# What you are asked to do
Your output should be the lines from the one with "6805 Sun River Road Boynton Beach FL 33437" through the end of the entries below, set down word for word and nothing else.

Brief descriptive captions
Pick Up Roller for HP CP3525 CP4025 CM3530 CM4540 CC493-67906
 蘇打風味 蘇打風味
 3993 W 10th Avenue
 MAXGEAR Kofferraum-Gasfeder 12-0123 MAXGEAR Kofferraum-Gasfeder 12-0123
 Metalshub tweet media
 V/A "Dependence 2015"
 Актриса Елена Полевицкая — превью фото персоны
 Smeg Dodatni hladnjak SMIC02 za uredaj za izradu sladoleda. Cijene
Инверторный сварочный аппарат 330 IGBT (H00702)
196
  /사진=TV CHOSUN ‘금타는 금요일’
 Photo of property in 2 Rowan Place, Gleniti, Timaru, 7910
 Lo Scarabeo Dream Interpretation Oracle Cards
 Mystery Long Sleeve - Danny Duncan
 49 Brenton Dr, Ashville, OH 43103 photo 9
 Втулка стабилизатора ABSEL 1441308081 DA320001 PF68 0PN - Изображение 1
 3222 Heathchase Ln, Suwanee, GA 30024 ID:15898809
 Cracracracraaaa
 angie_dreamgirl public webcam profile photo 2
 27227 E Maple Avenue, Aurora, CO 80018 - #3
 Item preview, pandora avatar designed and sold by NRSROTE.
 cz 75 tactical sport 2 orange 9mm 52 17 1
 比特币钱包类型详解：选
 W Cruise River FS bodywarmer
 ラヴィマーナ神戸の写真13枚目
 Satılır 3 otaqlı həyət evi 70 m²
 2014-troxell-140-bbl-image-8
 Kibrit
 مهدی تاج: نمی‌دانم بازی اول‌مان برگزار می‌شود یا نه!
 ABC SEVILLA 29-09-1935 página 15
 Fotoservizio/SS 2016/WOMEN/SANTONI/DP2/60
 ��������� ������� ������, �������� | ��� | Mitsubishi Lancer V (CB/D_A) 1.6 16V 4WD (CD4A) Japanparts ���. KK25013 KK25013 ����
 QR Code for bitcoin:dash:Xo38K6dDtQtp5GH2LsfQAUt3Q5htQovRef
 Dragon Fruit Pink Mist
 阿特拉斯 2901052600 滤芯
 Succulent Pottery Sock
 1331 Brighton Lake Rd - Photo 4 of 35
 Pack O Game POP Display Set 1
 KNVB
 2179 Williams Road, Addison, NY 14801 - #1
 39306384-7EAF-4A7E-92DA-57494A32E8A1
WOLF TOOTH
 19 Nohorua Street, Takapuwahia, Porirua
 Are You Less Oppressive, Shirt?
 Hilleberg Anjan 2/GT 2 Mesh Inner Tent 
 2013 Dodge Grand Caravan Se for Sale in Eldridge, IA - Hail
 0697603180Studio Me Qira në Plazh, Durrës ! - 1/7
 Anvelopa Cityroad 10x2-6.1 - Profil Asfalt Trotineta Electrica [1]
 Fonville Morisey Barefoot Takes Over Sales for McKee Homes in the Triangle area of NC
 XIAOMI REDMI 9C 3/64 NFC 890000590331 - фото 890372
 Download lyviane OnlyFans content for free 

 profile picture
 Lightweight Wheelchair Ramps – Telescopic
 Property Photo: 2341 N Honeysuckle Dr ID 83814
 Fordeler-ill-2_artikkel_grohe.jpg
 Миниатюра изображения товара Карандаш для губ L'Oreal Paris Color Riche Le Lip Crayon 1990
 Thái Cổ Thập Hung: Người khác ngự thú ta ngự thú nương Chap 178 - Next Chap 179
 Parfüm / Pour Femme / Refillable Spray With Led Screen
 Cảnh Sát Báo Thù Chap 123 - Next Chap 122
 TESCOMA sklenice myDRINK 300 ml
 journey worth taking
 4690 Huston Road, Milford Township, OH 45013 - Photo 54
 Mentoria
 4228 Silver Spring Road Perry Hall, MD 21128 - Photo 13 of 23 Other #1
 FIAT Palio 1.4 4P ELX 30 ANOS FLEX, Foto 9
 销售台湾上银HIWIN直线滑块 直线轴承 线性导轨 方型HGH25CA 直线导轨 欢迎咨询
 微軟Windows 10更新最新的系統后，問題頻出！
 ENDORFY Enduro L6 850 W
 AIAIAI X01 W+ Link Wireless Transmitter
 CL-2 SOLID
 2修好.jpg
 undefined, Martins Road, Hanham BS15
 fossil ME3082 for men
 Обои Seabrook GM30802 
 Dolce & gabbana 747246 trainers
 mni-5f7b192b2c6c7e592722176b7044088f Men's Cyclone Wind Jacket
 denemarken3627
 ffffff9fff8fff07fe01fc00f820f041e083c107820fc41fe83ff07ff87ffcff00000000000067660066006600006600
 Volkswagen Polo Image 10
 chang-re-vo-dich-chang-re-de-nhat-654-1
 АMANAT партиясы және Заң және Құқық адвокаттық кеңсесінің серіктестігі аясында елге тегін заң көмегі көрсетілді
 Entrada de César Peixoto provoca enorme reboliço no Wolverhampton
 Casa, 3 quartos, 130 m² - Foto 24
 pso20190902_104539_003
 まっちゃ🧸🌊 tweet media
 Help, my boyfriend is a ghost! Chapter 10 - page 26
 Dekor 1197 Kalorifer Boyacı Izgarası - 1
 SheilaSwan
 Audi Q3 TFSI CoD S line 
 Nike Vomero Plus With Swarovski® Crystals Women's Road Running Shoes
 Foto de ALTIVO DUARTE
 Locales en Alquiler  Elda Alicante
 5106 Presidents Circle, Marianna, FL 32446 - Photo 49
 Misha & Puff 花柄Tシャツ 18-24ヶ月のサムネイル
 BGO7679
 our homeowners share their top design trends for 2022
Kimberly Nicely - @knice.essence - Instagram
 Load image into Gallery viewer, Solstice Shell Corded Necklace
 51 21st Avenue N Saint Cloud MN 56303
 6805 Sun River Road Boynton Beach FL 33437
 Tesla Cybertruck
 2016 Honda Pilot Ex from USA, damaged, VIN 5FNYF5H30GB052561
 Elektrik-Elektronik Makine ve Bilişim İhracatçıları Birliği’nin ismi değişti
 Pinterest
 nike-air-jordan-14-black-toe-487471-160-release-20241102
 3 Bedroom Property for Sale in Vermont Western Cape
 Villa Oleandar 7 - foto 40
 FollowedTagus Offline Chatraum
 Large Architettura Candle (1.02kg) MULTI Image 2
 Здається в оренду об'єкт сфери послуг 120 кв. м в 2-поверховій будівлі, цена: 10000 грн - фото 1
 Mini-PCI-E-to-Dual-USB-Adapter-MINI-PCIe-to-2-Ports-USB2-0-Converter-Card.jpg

# Exercise answer
 6805 Sun River Road Boynton Beach FL 33437
 Tesla Cybertruck
 2016 Honda Pilot Ex from USA, damaged, VIN 5FNYF5H30GB052561
 Elektrik-Elektronik Makine ve Bilişim İhracatçıları Birliği’nin ismi değişti
 Pinterest
 nike-air-jordan-14-black-toe-487471-160-release-20241102
 3 Bedroom Property for Sale in Vermont Western Cape
 Villa Oleandar 7 - foto 40
 FollowedTagus Offline Chatraum
 Large Architettura Candle (1.02kg) MULTI Image 2
 Здається в оренду об'єкт сфери послуг 120 кв. м в 2-поверховій будівлі, цена: 10000 грн - фото 1
 Mini-PCI-E-to-Dual-USB-Adapter-MINI-PCIe-to-2-Ports-USB2-0-Converter-Card.jpg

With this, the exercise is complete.